In 1992, Birkey led the Concordia Cavaliers to a National Association of Intercollegiate Athletics (NAIA) District Championship and into the title game of the NCCAA national tournament that same year. "The Navy" soccer team became a Cascade Conference power with NAIA regional tournament appearances in thirteen of the past sixteen years, and a top-twenty national ranking in fourteen of those years. Their highest ranking is fifth nationally. He directed Concordia to regional championships and NAIA national tournament berths in 1999, 2005, 2007, 2008, and 2010. In 2000, Birkey was named to the Cascade Conference Coaches Hall of Fame after receiving numerous district, conference, and regional Coach of the Year awards. Birkey amassed over 400 wins and a .642 winning percentage at Concordia. He earned eighteen championships during that time, including 13 of his last 15 Cascade Collegiate Conference championships. In 2007, Birkey led the Cavs to their tenth-straight regional tournament appearance after capturing the conference regular season title. Under his guidance the CU men's soccer team was crowned CCC Champions in 1998, 1999, 2000, 2002, 2003, 2004, 2005, 2006, 2007, 2008, 2010, 2011, and 2012 qualifying the CU team for the NAIA national tournament seven times in program history. Birkey was instrumental in the $7.5 million on-campus soccer stadium which opened in 2011. He worked closely with CU administrators and NIKE soccer to name the soccer field "Tuominen Yard" in respect to former CU soccer All-American (1994) and NIKE soccer marketing agent Jarkko Tuominen, who had died unexpectedly in September 2005. NIKE soccer maintained a strong relationship with the program and provided sponsorship until the closure of the university in 2020.

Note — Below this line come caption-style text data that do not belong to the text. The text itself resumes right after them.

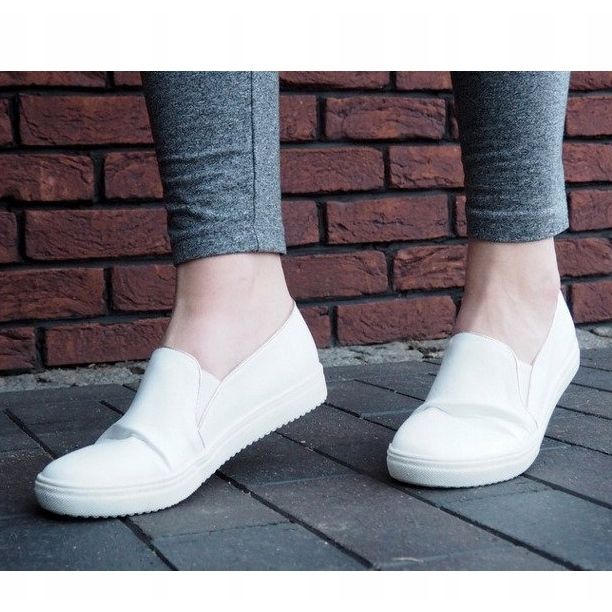 Classic Slip On TS9007 White Sneakers 2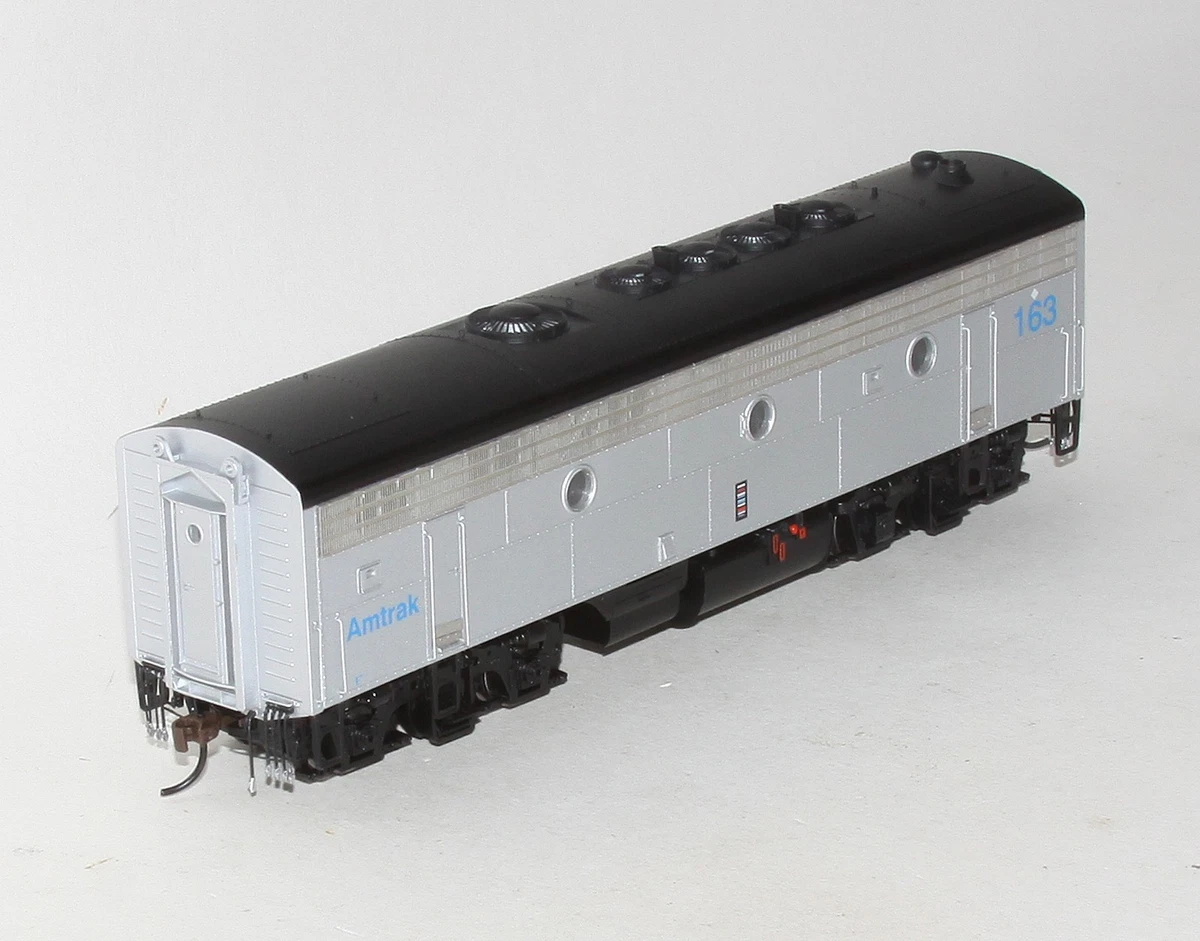 25+ Athearn Amtrak Painted HO Model Railroad Locomotives for sale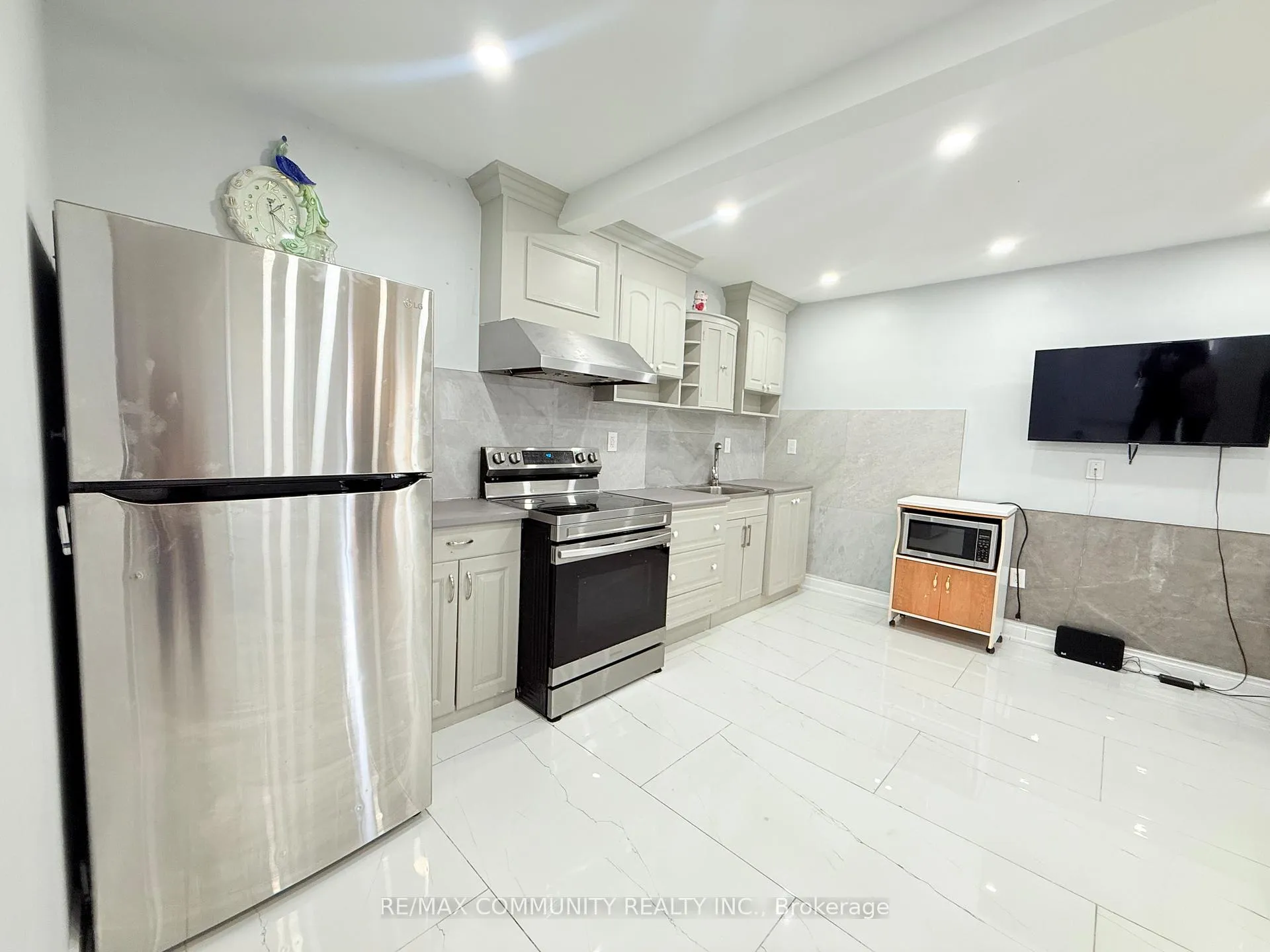 Photo 5 of 78 Shady Pine Circle S, Brampton, Sandringham-Wellington — HOMEH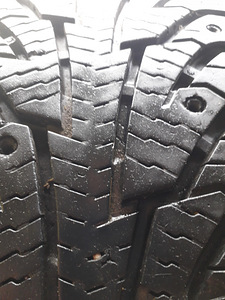 Зимние шины 205/75/R16C Nokian C (8 фото из 8)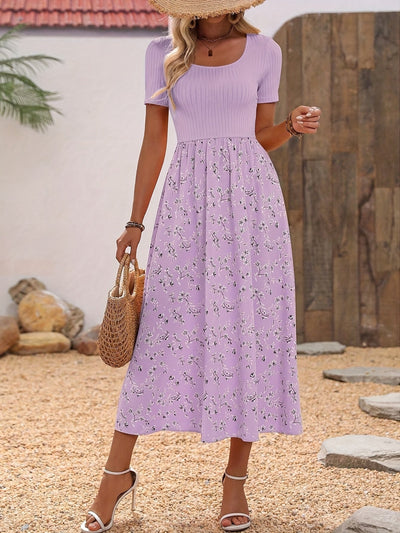 Elegantes lila geblümtes Kleid mit A-Linie und kurzen Ärmeln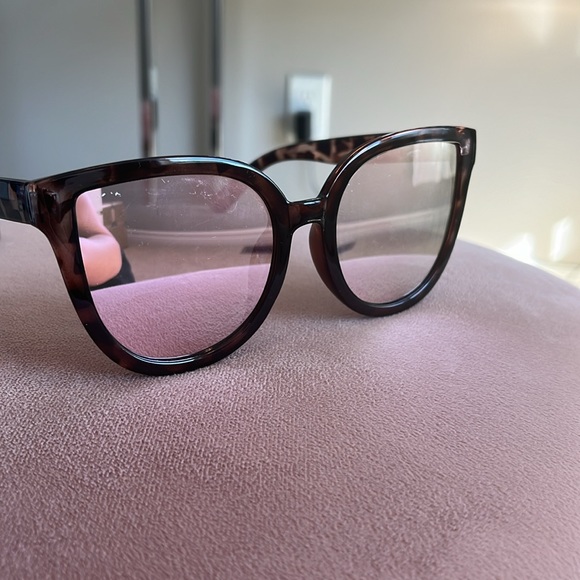 Aldo Sunglasses - Picture 2 of 4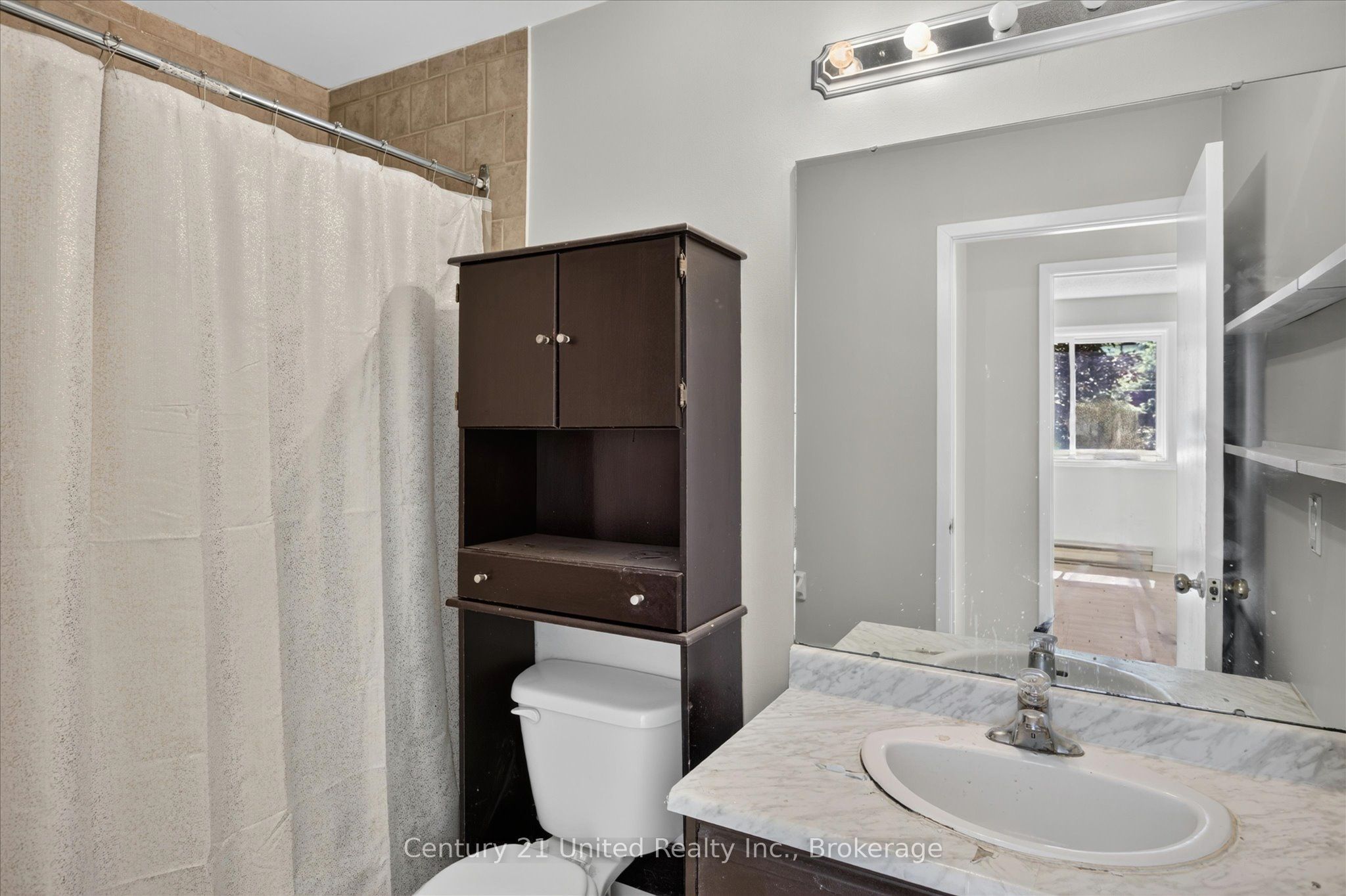 136 Ware Street 201 Property Photo 25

Birkey served as interim athletic director at Concordia in the mid-1990s and continued as a professor in the Exercise & Sport Science Department. He was hired in 1996 as the head coach for the Cascade Surge, a professional team in the USISL. Birkey directs the highly successful Concordia Soccer Camps attracting hundreds of young soccer players each summer. He also served six years as the conference chairman for men's soccer and was the regional chair for men's soccer from 2001 to 2004 and 2006 to 2008. In 2011, Birkey was appointed to the NAIA Men's Soccer Executive Board and served on the 2013 and 2014 National Tournament Games Committee. In January 2014, he was appointed National President of the NAIA Men's Soccer Coaches Association but ended his leadership service to the NAIA as Concordia turned its focus to NCAA DII and the GNAC. Birkey was awarded a Meritorious Service Award from the NAIA national office in April 2015 and continues to be a resource to the NAIA as a member of their past presidents group. In 2020, prior to Concordia's closure, Birkey was inducted into the Concordia University Athletic Hall of Fame in recognition of his total of 401 CU career wins during his 32 years of service to the university (1988–2020).

Birkey continued to develop in his coaching education by numerous appointments and visitations in the professional ranks. He coached in Costa Rica, Trinidad, and Antigua, and held staff visitations in the English Premiership with Portsmouth Football Club in 2006, 2007, and 2008 (FA Cup winners) while managed by Harry Redknapp; as well as Everton Football Club in Liverpool with First Team manager David Moyes and with the Reserve Team under Alan Stubbs, David Weir, and Andy Holden in 2013.